§ YOUR ASSIGNMENT
All pictures are to be excluded when the data below is output verbatim.

§ DATA FOR PROCESSING
..........

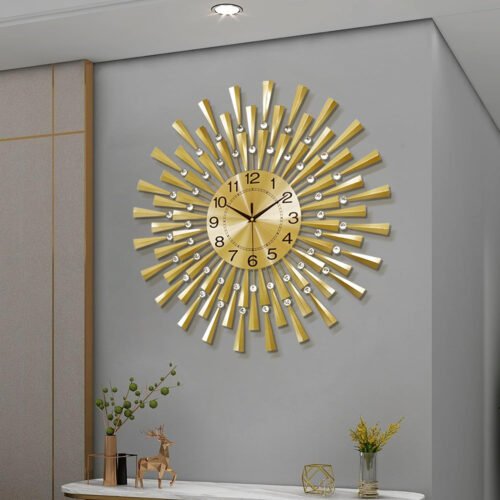 Large Wall Clocks for Living Room Decor Modern Gold Silent Wall Clock Battery...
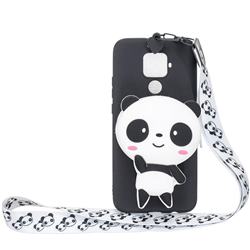 White Panda Neck Lanyard Zipper Wallet Silicone Case for Huawei Mate 20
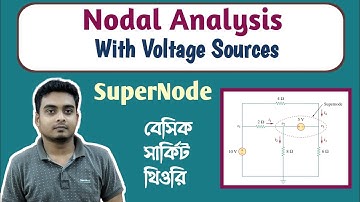 25. Nodal Analysis With Voltage Source ।। Super Node ।। Node Voltage Method ।।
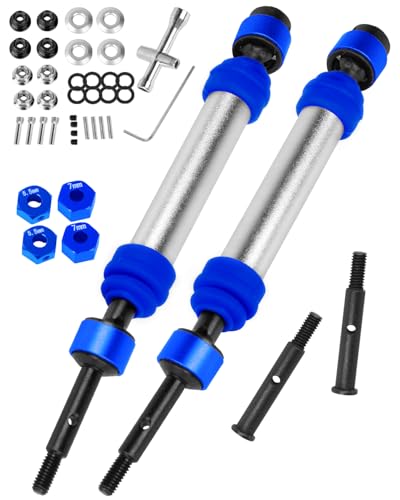 RC Driveshafts Axle Upgrades Part for 1/10 Slash 2WD(VXL),Hard Steel Front & Rear CVD Drive Shafts,2pcs,Silver &Navy Blue - color: Navy Blue(2pcs)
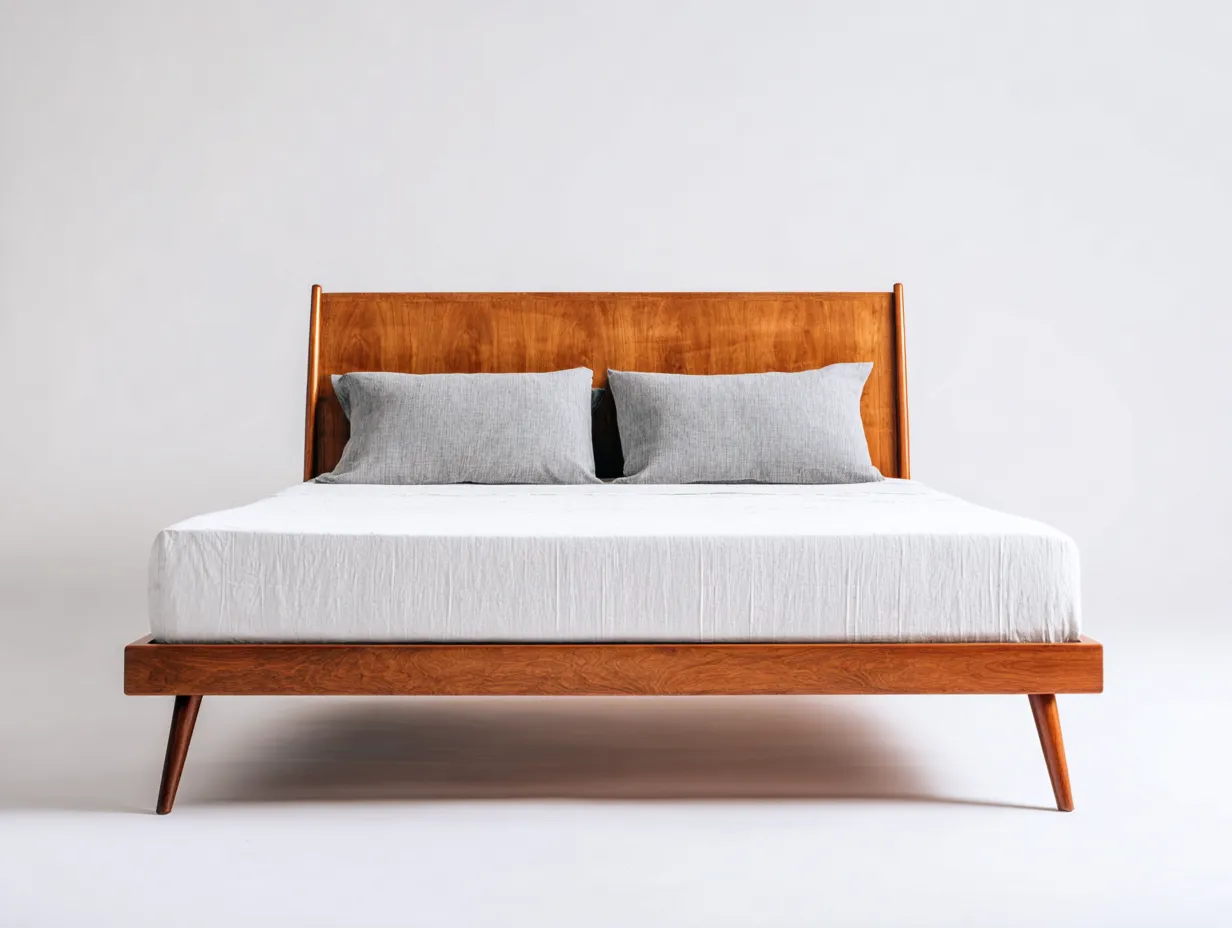 Cama Doble de madera maciza 205x160x100 cm - nogal medio - para dormitorio de estilo vintage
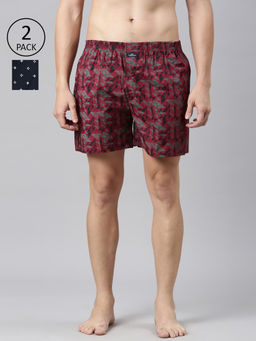 Classic Polo - Men Multi-Color All-Over Printed Cotton Boxers (Pack of 2 )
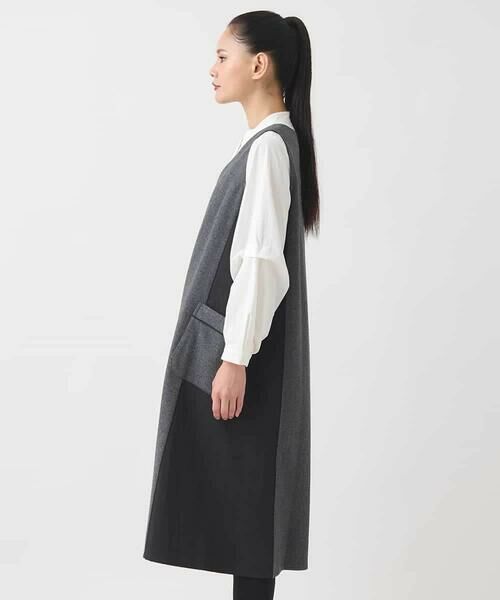 Maison de CINQ / メゾン ドゥ サンク ロング・マキシ丈スカート | 【小さいサイズ】異素材Vネックジャンパースカート | 詳細2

..........

§ TASK SOLUTION
 Large Wall Clocks for Living Room Decor Modern Gold Silent Wall Clock Battery...
 White Panda Neck Lanyard Zipper Wallet Silicone Case for Huawei Mate 20
 25. Nodal Analysis With Voltage Source ।। Super Node ।। Node Voltage Method ।।
 RC Driveshafts Axle Upgrades Part for 1/10 Slash 2WD(VXL),Hard Steel Front & Rear CVD Drive Shafts,2pcs,Silver &Navy Blue - color: Navy Blue(2pcs)
 Cama Doble de madera maciza 205x160x100 cm - nogal medio - para dormitorio de estilo vintage
 Classic Polo - Men Multi-Color All-Over Printed Cotton Boxers (Pack of 2 )
 Maison de CINQ / メゾン ドゥ サンク ロング・マキシ丈スカート | 【小さいサイズ】異素材Vネックジャンパースカート | 詳細2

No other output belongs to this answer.